Point Reyes National Seashore

Point Reyes National Seashore

In A Nutshell


All of Point Reyes National Seashore's Visitor Centers are accessible. Point Reyes also has numerous accessible paths to various points of interest.

Visitor Centers

Bear Valley Visitor Center
The visitor center is completely accessible with a gently ramped, multilevel interior. All displays are well placed for use or viewing from a seated position. Restrooms and a telephone on the outside information board are accessible. Designated parking is located in front of the center.

Point Reyes Lighthouse Visitor Center
Parking close to the Lighthouse is available by arrangement. Call 415-669-1534 or 415-464-5100 x2 x5. The visitor center, observation deck, restrooms and a telephone are all fully accessible, but the lighthouse itself is not.

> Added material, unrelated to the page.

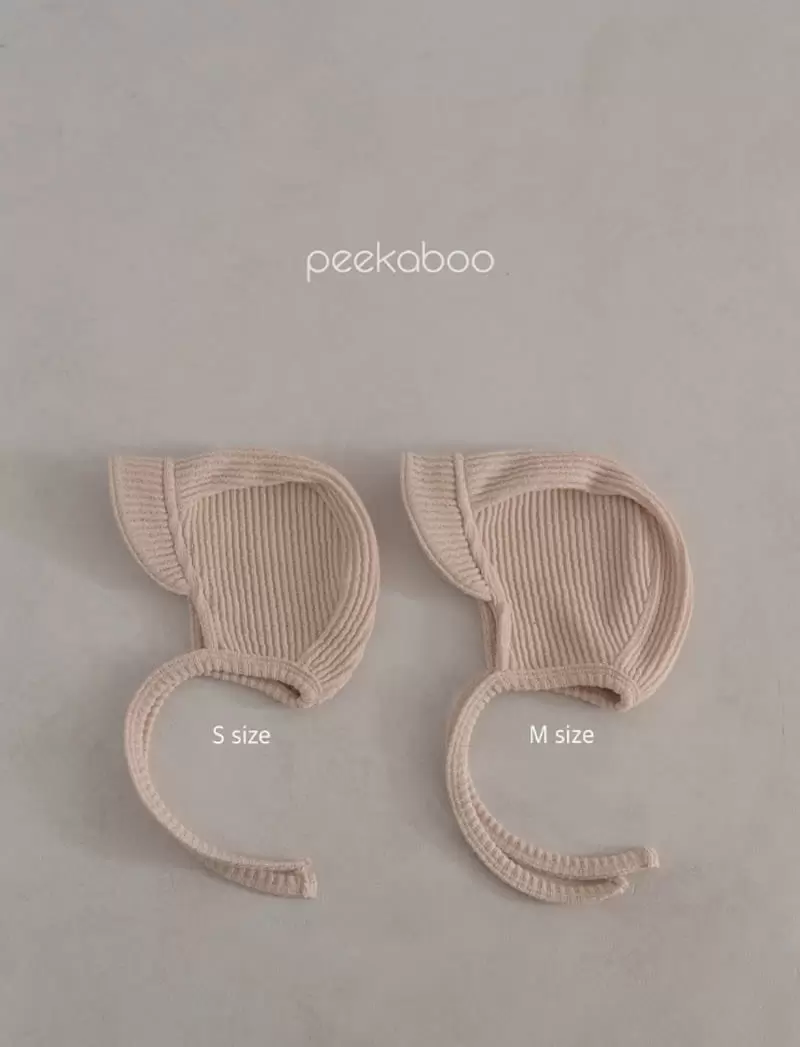 Peekaboo - Korean Baby Fashion - #babywear - Bloom Bonnet - 7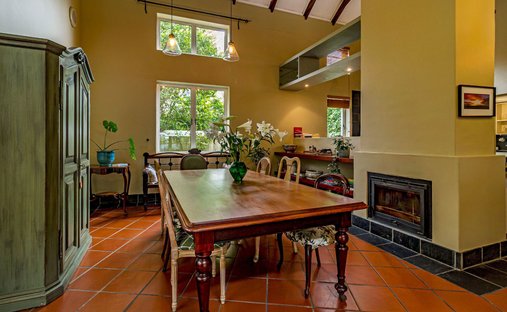 Domaine en Mostertsdrift, Cap occidental, Afrique du Sud 1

Ken Patrick Visitor Center and Drakes Beach
The complex includes a visitor center, cafe, picnic area, telephone, restrooms and showers which are all accessible. There are several designated parking spaces. There is no beach access.

Wheelchair Available
Inquire at the Information Desk at the Bear Valley, Ken Patrick or Lighthouse Visitor Centers for free use of a wheelchair.


Earthquake Trail
This 1 kilometer (0.6 mile) round-trip paved trail is self-guiding. A picnic area, restroom and two designated parking spaces are located at the trailhead.

Kule Loklo Coast Miwok Cultural Exhibit (Assistance required.)
The first part of the 650 meter (0.4 mile) dirt trail to Kule Loklo is quite steep. There are no accessible restrooms. Inquire at Bear Valley Visitor Center for more information on accessing Kule Loklo.

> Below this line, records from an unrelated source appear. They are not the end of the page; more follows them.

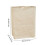 Panier à linge pliable et autoportant haut (1 pièce) 3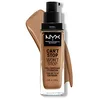 Image de NYX Professional Makeup Fond de Teint Liquide Couvrant Tenue 24h Can't Stop Won't Stop Liquid Foundation, Waterproof, Fini Mat, Formule Vegan, Teinte : Neutral Tan (12.7)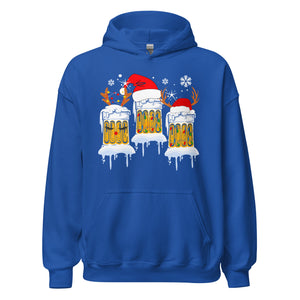 Christmas Beer - Weihnachten Bierkrüge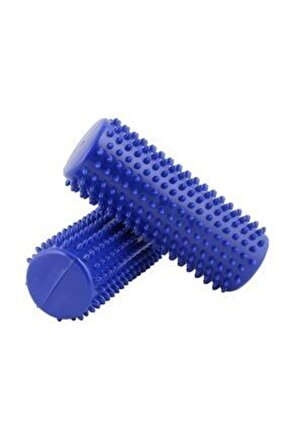 Dikenli,tırtıklı Masaj Ayak Rulosu 16 Cm 2 Adet,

Bear Valley Trail to Divide Meadow (Assistance advisable.)
This gradual 2.5 kilometer (1.6 mile) well-packed dirt trail leads through Douglas Fir forests alongside a stream to a woodland meadow. There are a few uphill and somewhat rocky sections which are passable with assistance. Pit toilets at the meadow are not accessible.

Five Brooks Pond (Assistance advisable.)
This 1.1 kilometer (0.7 mile) dirt loop trail around the pond is a lovely place to picnic or bird watch. There are no accessible restrooms.

Abbotts Lagoon
A gentle, soil-cemented trail leads 400 meter (1/4 mile) to an overlook of the lagoon. Restrooms are accessible and there are two designated parking spaces. No beach access.

Historic Pierce Ranch
A soil cement trail tours this 1880s dairy ranch. A telephone in the upper parking lot is accessible.


Limantour Beach
A paved trail leads from the main parking to the beach. It turns south along a freshwater marsh, excellent for birdwatching. No beach access. Restrooms are not accessible. Telephone on Limantour Road before the parking lot is not accessible.

North and South Beach
Each parking lot has an accessible restroom and designated parking. There are short paved paths along the dunes with lovely ocean views. There is no beach access.

Other Points of Interest

Morgan Horse Ranch
With a handicap-identification card, you may take the maintenance road to a small parking area close to the stables. Exhibit areas are accessible.

Mount Vision
A fifteen minute drive up winding Mount Vision Road off Sir Francis Drake Highway takes you to three spectacular vista points (on clear days). Two viewpoints look west towards Drakes Bay and Estero and one near the top looks east over Tomales Bay. No facilities.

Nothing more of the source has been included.